Dr. Gurunathan said the collaboration partners are planning trials of regional vaccine candidates in Thailand in high-risk populations such as men who have sex with men and female sex workers, and in South Africa in high-risk heterosexuals.
Modeling has shown that a vaccine with 50% efficacy, administered to 30 or 60 percent of the highest risk populations, could have a significant public health impact. It could reduce the number of new infections by 5 to 15 percent over ten years and be cost effective.
Complexity
Vaccine trials are built upon a certain number of infections occurring; once that predetermined endpoint is met the trial is unblinded and researchers figure out if fewer infections occurred in the group who received the vaccine compared with those who received a placebo.
But that is getting harder to do with each passing year because more people have access to treatment and hence are less infectious. And prevention activities have improved and may do so even more during the course of the not yet started vaccine trials.
Voluntary circumcision is being rolled out in much of sub-Saharan Africa and the latest studies have shown that its effectiveness can be as high as 70% on a population basis when the "herd immunity" protective effect is taken into account.
Microbicides and PrEP studies also have looked promising and may be additional prevention tools put into place over the next few years.
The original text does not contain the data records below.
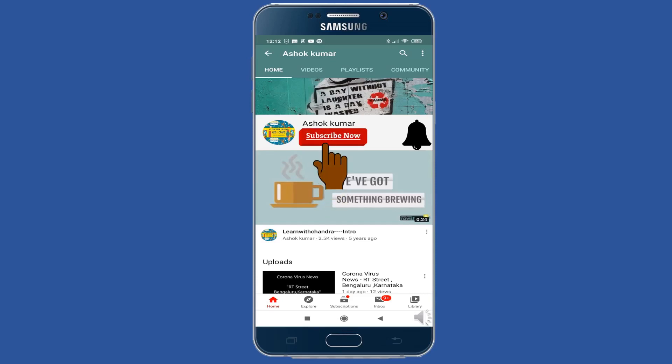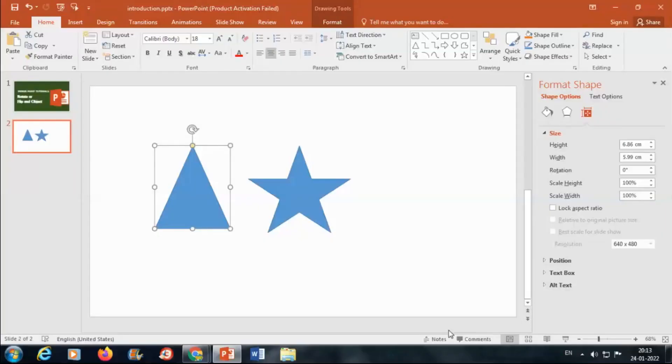For new videos please subscribe now and don't forget to hit the bell icon. Yes, while creating a PowerPoint presentation we can flip or rotate any object. So first select the object.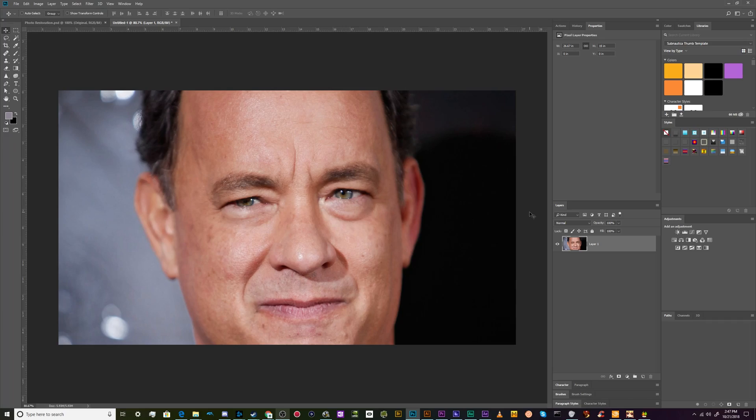All right, welcome back ladies and gentlemen to the Chupacabra Tutorials channel. I'm your host Larry.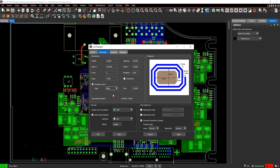In the Miscellaneous section, specify if a pad stack should be added to the start or endpoint of the spiral inductor.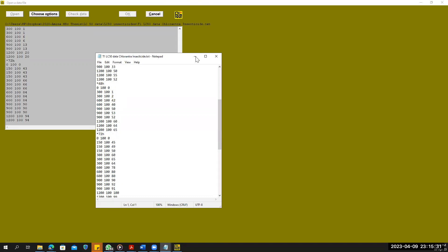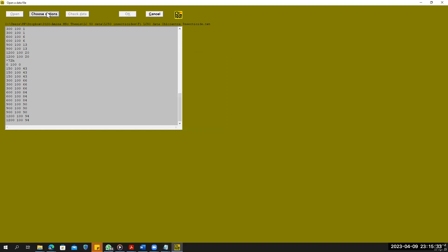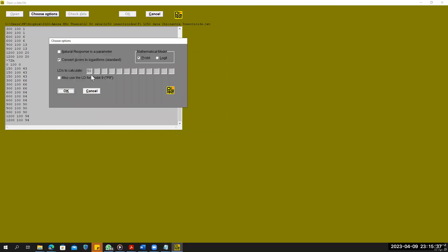Choose the option here. We can use 50% LD50 or any other value. Since we are calculating LD50, we will write down 50. We can write 30, 10, 90 — whatever we want. For the model, Logit or Probit — Probit is preferable for LD50. Then click OK.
"If you halve the incidence [ of new infections ] , you have to double the sample size" of the study, said James Kublin, with the HIV Vaccines Treatment Network. That can be very expensive and the NIH budget is not likely to increase.
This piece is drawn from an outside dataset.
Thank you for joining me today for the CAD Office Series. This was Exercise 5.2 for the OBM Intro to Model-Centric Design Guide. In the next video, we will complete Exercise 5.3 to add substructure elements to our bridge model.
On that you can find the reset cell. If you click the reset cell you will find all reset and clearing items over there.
Carl Dieffenbach, NIH's principle administrator for HIV research, said, "There are a series of contingency plans that are very robust, that indicate we can do these trials, assuming a level NIH budget."
Mombassa Sex Workers
Researchers have been studying a cohort of female sex workers in Mombassa, Kenya for many years. One of the surprising early findings was that despite having likely been exposed to HIV numerous times they either did not become infected with the virus or they were controlling their infection extraordinarily well.
Reports some years ago suggested that they remained protected so long as they were sufficiently exposed to the virus but became vulnerable to it after returning from an extended holiday from the sex business.
University of Washington researcher Valerie Cortez looked at the antibodies of these women over time in stored samples of blood. She found that "superinfection" with a second version of HIV produced an enhanced neutralizing antibody response that provided both broader coverage and cross-reactivity to the virus.
Only those who were "superinfected" developed those responses, suggesting that mere exposure to another strain of the virus was not sufficient to develop antibodies — which often take months if not years to add residues and mature — only a durable infection provided sufficient exposure to generate such a response.
Geographic location also might be important. Mombassa is where clades A and C of the virus overlap and where many mosaic recombinations of the virus clades occur. Cortez agreed with a suggestion from the audience that perhaps exposure to a sufficiently different virus is necessary to trigger a "superinfection" that generates the type of neutralizing antibodies she observed. It might not occur if a person were to becomes "superinfected" with different variants of the clade B virus that is prevalent in the US and Europe.